See also: List of deities
A deity is a postulated preternatural or supernatural immortal being, who may be thought of as holy, divine, or sacred, held in high regard, and respected by human beings.Deities are depicted in a variety of forms, but are frequently expressed as having human or animal form. Some faiths and traditions consider it blasphemous to imagine or depict the deity as having any concrete form. They are usually immortal, and are commonly assumed to have personalities and to possess consciousness, intellects, desires, and emotions similar to those of humans. Such natural phenomena as lightning, floods, storms, other 'acts of God', and miracles are attributed to them, and they may be thought to be the authorities or controllers of various aspects of human life (such as birth or the afterlife). Some deities are asserted to be the directors of time and fate itself, to be the givers of human law and morality, to be the ultimate judges of human worth and behavior, and to be the designers and creators of the Earth or the universe. Most have multiple arms or heads.
See main article: Dyeus and God (word). The word "deity" derives from the Latin "dea", ("goddess"), and "deus", ("god"), and other Indo-European roots such as from the Sanskrit "deva", ("god"), "devi", ("goddess"), "divya", ("transcendental", "spiritual"). Related are words for "sky": the Latin "dies" ("day") and "divum" ("open sky"), and the Sanskrit "div," "diu" ("sky," "day," "shine"). Also related are "divine" and "divinity," from the Latin "divinus," from "divus."
Theories and narratives about, and modes of worship of, deities are largely a matter of religion. At present, the majority of humans are adherents of some religion, and this has been true throughout recorded human history. Human burials from between 50,000 and 30,000 B.C. provide evidence of human belief in an afterlife and possibly in deities, although it is not clear when human belief in deities became the dominant view.

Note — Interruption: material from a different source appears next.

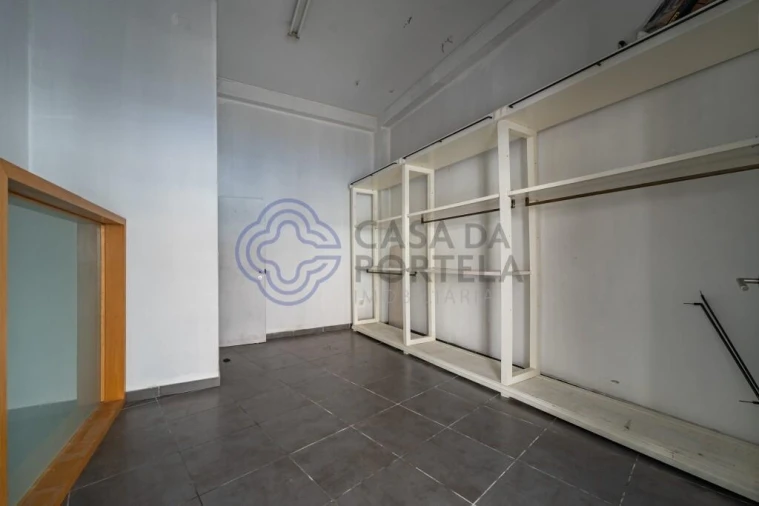 Loja para Arrendamento em Matosinhos e Leça da Palmeira Foto 9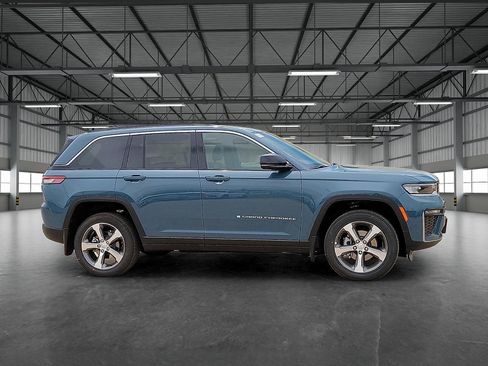 New 2026 Jeep Grand Cherokee Limited w/ MOPAR Finishing Package RWD image 5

Some deities are thought to be invisible or inaccessible to humans, dwelling mainly in otherworldly, remote or secluded and holy places, such as Heaven, Hell, the sky, the under-world, under the sea, in the high mountains or deep forests, or in a supernatural plane or celestial sphere. Typically, they rarely reveal or manifest themselves to humans, and make themselves known mainly through their effects. Monotheistic deities are often thought of as being omnipresent, though invisible.

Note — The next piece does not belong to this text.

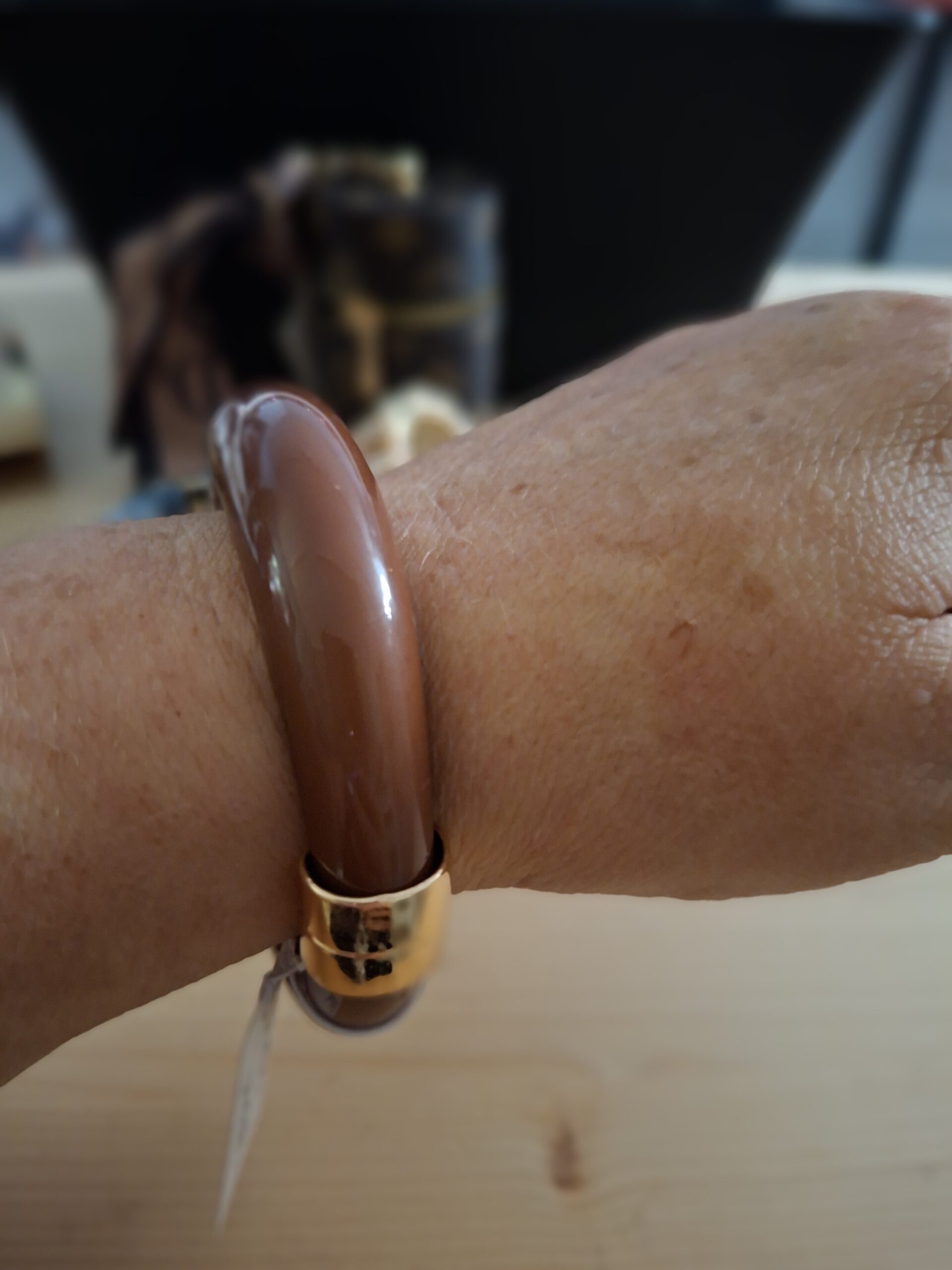 Bracelet Jonc Chocolat et Doré – Image 5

Often people feel an obligation to their deity, although some view their deity as something that serves them.
Folk religions usually contain active and worldly deities.
In polytheism, deities are conceived of as a counterpart to humans. In the reconstructed and hypothetical Proto-Indo-European, humans were described as chthonian ("earthly") as opposed to the deities which were deivos ("celestial"). This almost symbiotic relationship is present in many later cultures: humans are defined by their station subject to the deities, nourishing them with sacrifices, and deities are defined by their sovereignty over humans, punishing and rewarding them, but also dependent on their worship.
The boundary between human and divine in most cultures is by no means absolute. Demigods are the offspring from a union of a human with a deity, and most royal houses in Antiquity claimed divine ancestors.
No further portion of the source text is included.